Raise your hand if you’ve declared your candidacy to be the next Commander-in-Chief.
Now that our own Gov. Bobby Jindal has brought his long-running campaign for president out of the shadows and Donald Trump is – literally – making a lot of noise, the race to replace Obama is already hitting its stride.
Things are sure to take an ugly turn, but personally I try not to get too lathered up about politics. I figure our ingenious system of checks and balances will prevent any particular political party from placing a stranglehold on power and driving our country into the ditch.
I mean, if we can survive the Civil War, two World Wars, the Great Depression, political assassinations, Vanilla Ice and Madonna, certainly we can sort through spirited debates about health care, immigration and gun laws.
But I digress.
All the bluster and blow brings to mind my own illustrious political career.
At the risk of sounding boastful, the fact is that I am a perfect, unblemished one-for-one in seeking political office. I don’t mean all the other offices I’ve held over the years, the ones where you miss a meeting and suddenly you’re chairing three church committees or you find yourself named president-for-life of the neighborhood garden club. In fact, there’s a long list of clubs, groups and associations that are still trying to recover from my “leadership.”
No, I’m talking about offices I actively sought out and campaigned to get.
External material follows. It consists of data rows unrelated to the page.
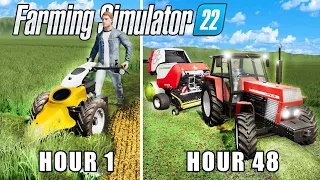 I Spent 24 Hours On A Flat Map With $0... 🚜 Ep. 2 👉 Farming Simulator 2022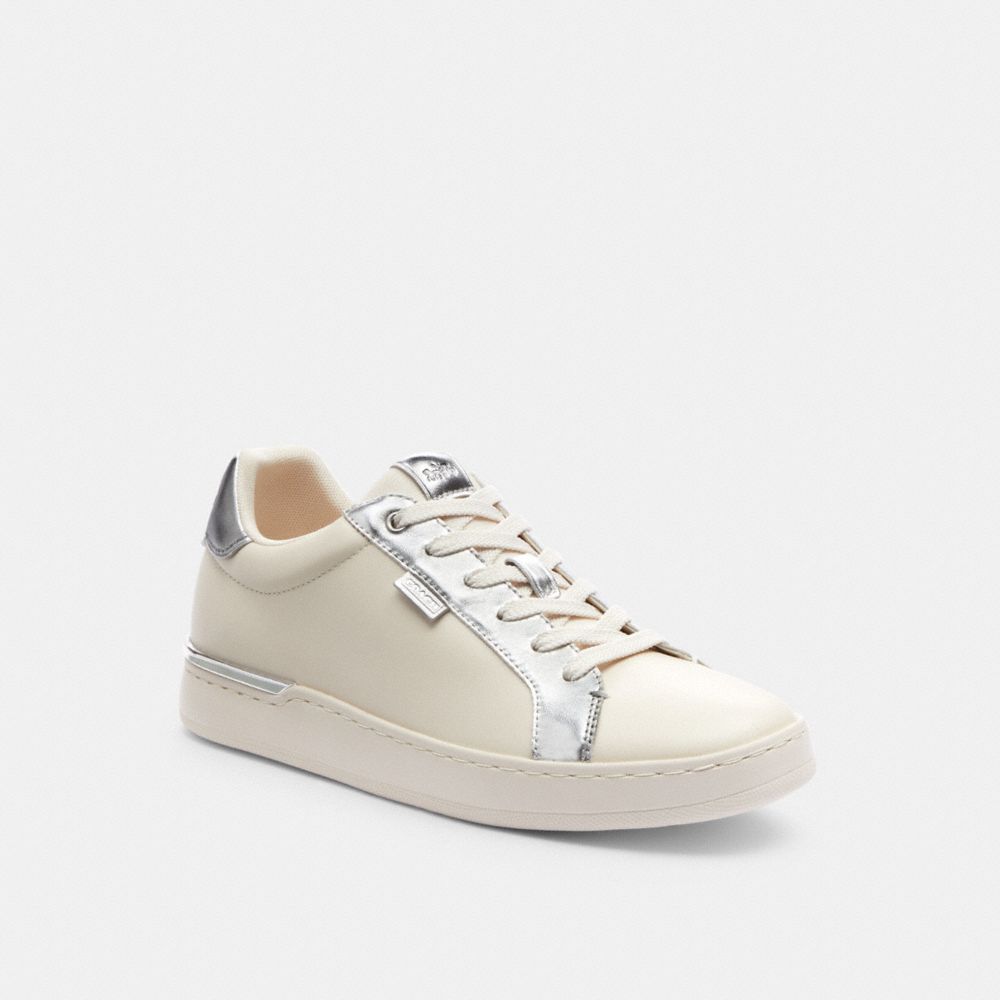 COACH®,LOWLINE LOW TOP SNEAKER,Leather,Chalk/Silver,Front View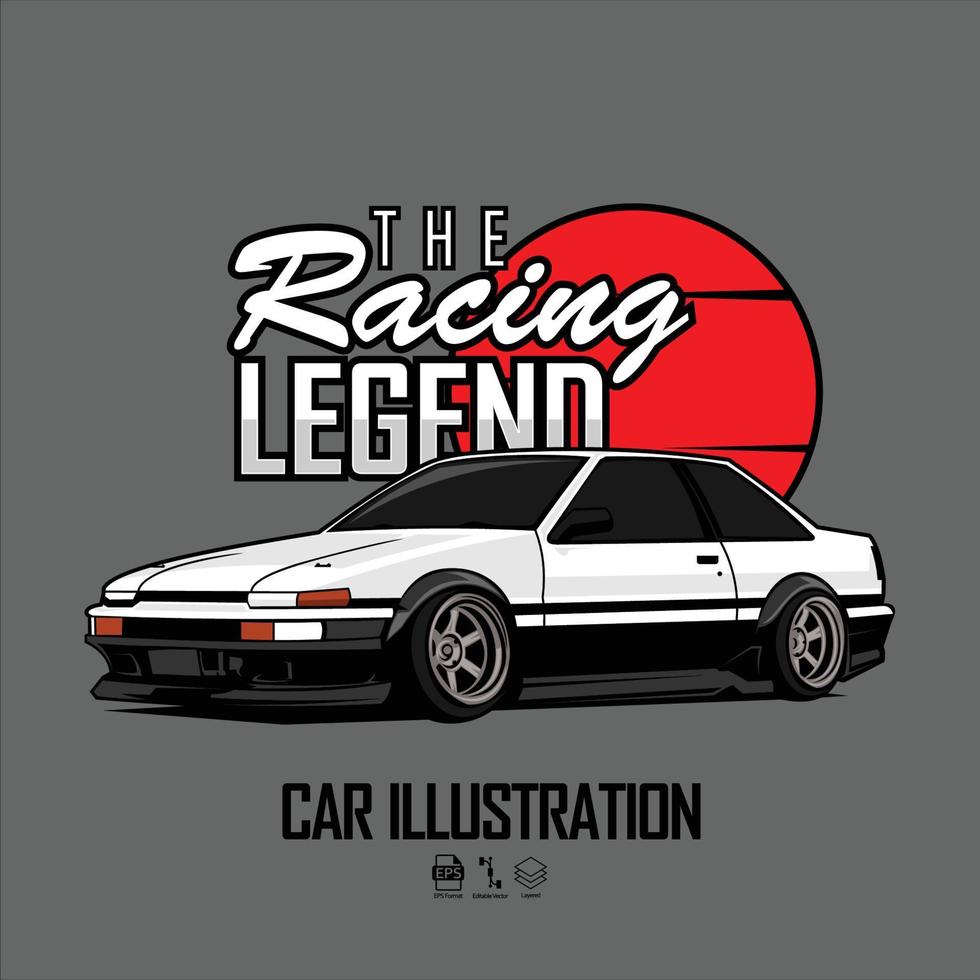 la leyenda de las carreras, la ilustración del coche con un fondo gris.eps vector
That one glorious run for the gold occurred in 1975 when I took the bold step of announcing my candidacy for the office of Fire Chief at Cedarcrest-Southmoor Elementary in Baton Rouge.
But before I could draw a bead on that coveted position, my power grab had to become catalyzed by some high-profile role that would improve my name recognition and create the impression that I was a responsible, hard-working, 12-year-old kid.
Looking for just the right launching pad to deploy my strategy for success, I talked my way into becoming a crossing guard. About a block east of school was a busy intersection. To assist the neighborhood walkers, there was an adult guard supervising two students who got to wear a bright orange sash with a safety badge pinned right over the heart.
The student crossing guard also got to wield a 6-foot wooden pole with a large iridescent orange flag attached on the end. The job was to wait for the adult guard’s signal and then step right out there into the traffic, lay that long flag out horizontally across the road and stop the cars in their tracks while the kids shuffled through the intersection.
Almost 40 years later, I can report with a great deal of pride that no children were lost or pancaked by a Mack truck on my watch.
So, after a successful and scandal-free stint as crossing guard, it was on to bigger, better, more prestigious and powerful positions.
Quickly realizing my ambitious campaign had to be financed, I began saving my 25¢ weekly allowance and built an impressive war chest that contained just enough cash to cover the cost of a couple of posters and a box of crayons. I should have emulated the professional politicians and used someone else’s money, but all my friends were just as broke as I was.
Once in the Fire Chief’s chair, I have to say that I served with honor, distinction and competency. The school did not, in fact, burn to the ground during my term, although there was one unfortunate incident.
My classmates and I were standing in a long lunch line, and out of the blue one slightly unstable student – whose name I won’t disclose but who is probably pressing license plates at Angola right now – decided to test the functionality of one of the fire alarms affixed to the wall. It’s possible the kid had it all thought out, like a trained terrorist, to cause maximum chaos and pandemonium. Or, it’s quite possible, like your average terrorist, he wasn’t thinking at all.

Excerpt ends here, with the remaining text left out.